> **Exercise input**:
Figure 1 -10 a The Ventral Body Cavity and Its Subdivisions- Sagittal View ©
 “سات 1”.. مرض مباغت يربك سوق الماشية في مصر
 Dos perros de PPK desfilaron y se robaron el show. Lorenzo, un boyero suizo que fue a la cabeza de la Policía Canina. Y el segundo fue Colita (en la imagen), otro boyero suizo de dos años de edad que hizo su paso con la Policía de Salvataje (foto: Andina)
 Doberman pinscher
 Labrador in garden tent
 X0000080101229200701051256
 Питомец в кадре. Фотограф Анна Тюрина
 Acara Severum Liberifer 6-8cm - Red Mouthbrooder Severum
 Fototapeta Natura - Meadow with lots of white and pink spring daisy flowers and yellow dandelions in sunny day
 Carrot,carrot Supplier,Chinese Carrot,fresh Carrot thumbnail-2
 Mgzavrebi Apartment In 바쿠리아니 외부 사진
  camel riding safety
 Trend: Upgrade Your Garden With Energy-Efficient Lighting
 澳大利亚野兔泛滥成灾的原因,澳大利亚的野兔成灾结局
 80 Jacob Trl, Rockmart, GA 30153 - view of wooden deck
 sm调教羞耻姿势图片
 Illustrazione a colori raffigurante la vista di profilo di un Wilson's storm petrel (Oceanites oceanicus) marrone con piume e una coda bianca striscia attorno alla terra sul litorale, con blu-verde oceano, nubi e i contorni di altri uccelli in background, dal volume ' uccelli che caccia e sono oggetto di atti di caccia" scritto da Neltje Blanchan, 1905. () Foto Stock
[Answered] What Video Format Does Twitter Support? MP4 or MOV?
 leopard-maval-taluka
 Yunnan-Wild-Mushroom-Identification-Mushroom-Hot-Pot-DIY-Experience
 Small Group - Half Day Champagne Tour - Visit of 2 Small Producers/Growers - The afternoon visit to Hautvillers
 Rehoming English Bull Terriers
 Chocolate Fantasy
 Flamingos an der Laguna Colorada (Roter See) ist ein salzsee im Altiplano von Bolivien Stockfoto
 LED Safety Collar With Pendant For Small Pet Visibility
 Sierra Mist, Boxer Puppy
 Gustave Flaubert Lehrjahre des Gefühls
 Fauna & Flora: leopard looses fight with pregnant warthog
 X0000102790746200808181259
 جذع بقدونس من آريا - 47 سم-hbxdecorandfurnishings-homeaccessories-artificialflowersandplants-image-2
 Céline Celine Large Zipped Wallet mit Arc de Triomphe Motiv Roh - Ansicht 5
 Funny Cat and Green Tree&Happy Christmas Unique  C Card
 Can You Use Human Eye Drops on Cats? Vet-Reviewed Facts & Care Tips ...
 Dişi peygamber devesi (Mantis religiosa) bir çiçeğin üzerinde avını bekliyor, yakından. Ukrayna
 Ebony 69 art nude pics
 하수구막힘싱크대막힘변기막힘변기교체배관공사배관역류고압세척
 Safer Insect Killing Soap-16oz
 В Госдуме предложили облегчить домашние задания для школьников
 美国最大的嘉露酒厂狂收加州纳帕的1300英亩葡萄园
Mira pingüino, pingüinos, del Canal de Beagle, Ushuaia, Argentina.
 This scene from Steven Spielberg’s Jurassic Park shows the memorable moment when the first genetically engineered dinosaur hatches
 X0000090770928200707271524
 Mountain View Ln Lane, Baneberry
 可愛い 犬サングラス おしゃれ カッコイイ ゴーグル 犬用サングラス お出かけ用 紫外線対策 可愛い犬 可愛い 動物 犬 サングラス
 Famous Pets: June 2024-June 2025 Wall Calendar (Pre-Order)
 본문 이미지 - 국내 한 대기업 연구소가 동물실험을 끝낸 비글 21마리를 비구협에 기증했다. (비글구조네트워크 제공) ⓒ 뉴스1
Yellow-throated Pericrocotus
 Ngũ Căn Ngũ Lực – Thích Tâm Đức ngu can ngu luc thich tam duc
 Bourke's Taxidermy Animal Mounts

> **Problem to solve**:
Above are records; repeat only the lines starting at the line with "Céline Celine Large" and ending at the line with "Can You Use", exactly as they appear, both included.

> **Task solution**:
 Céline Celine Large Zipped Wallet mit Arc de Triomphe Motiv Roh - Ansicht 5
 Funny Cat and Green Tree&Happy Christmas Unique  C Card
 Can You Use Human Eye Drops on Cats? Vet-Reviewed Facts & Care Tips ...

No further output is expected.